Savlon’s campaign focused on hand hygiene among children. For one clean hands are a key component of an overall healthy lifestyle, and secondly, it helped the company fold its brand objective into the larger national Clean India mission.
The solution was first formally tabled on Children’s Day last year (November 14) and was called ‘Savlon Healthy Hands Chalk Sticks’. The campaign infused a product that most kids are familiar with, chalk sticks, with soap granules. The idea integrated neatly into the lives of children, driving home the message of hand hygiene cleverly. That the chalk sticks were an inexpensive solution to the problem was not lost on Ogilvy and its client ITC, allowing them to push the innovation aggressively in schools.

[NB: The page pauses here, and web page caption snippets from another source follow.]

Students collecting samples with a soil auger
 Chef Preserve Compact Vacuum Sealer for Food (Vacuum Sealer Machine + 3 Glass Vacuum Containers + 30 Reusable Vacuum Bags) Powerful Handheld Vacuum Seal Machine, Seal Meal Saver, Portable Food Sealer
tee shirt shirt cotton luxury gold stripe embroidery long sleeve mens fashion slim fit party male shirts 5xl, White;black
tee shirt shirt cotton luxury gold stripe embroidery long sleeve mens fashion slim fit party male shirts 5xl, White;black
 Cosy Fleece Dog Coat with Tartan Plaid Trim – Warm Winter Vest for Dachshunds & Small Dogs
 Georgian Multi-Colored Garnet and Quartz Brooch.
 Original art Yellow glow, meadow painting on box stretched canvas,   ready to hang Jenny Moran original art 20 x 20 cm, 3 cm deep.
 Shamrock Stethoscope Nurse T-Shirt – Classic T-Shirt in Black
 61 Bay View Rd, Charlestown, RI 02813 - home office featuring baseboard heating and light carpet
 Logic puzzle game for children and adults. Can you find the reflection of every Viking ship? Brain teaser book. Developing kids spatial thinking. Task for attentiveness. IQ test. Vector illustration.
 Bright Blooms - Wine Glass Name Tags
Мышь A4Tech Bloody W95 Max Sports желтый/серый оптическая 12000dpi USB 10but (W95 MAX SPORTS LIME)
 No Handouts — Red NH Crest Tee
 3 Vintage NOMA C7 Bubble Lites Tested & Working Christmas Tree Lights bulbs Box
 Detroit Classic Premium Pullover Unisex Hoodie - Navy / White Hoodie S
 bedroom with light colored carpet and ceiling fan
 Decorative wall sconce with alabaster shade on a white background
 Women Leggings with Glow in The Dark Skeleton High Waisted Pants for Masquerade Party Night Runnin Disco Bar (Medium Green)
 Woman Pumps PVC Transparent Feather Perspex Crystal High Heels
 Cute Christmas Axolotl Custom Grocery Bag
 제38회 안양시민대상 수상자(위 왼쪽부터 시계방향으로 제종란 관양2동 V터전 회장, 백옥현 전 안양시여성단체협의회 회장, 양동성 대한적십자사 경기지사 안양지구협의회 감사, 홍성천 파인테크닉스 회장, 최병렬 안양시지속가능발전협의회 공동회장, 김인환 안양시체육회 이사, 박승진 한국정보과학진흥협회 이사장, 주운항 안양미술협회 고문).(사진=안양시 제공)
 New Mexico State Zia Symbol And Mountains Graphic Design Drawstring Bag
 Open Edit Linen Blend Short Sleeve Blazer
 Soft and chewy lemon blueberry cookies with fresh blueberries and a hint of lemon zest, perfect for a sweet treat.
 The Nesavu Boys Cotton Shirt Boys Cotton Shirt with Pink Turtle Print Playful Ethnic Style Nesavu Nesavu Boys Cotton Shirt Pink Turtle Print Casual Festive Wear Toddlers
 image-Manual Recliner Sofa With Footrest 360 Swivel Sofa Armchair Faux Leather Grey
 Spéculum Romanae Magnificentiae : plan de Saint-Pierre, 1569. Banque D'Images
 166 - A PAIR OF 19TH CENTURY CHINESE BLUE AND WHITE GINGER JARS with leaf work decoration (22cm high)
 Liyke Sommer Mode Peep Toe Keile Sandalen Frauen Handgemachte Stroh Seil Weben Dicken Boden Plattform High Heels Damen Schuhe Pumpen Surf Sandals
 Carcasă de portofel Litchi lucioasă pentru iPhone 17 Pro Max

The product was conceptualised by the creative team of Ram Hariharan, Nishant Jethi and Mahesh Ambaliya at Ogilvy. The powder from the chalk sticks, acts as soap the moment it is placed under water. “The reason why the idea clicked so well was because it was a creative solution to a very real problem. Kids in rural areas use chalk and slate in school to write. The Savlon chalk sticks act as a regular writing instrument during class and the chalk dust that sticks on to their hands as a result converts into soap lather the moment kids rub their hands under water,” said Kainaz Karmakar and Harshad Rajadhyaksha, executive creative directors at the agency’s Mumbai office.
On the campaign trail
* Launched in November last year, ‘Savlon Healthy Hands Chalk Sticks’, a campaign created by Ogilvy & Mather India for ITC offers an interesting and easy-to apply solution for children’s hygiene in small towns and rural areas
* The solution is a chalk stick infused with soap granules, a regular class room tool doubling up as a soap bar. Children use the chalk sticks during class and the dust that settles on their hands acts as soap when placed under water
* The product was easily adopted by children and the desired objective of keeping their hands clean was neatly integrated into their daily lives. As an inexpensive solution, it was easy for ITC and Ogilvy to push this in schools
* ITC has reached one million children in over 2,000 schools with this initiative. It got Ogilvy seven out of its total nine-metal-haul at the Cannes Ad Fest 2017
In a statement, ITC said that ‘Savlon Healthy Hands Chalk Sticks’ was an integral part of the Savlon Swasth India Mission, a programme designed to encourage behavioural change towards washing hands among children and adults. This mission has already reached about one million children in over 2,000 schools.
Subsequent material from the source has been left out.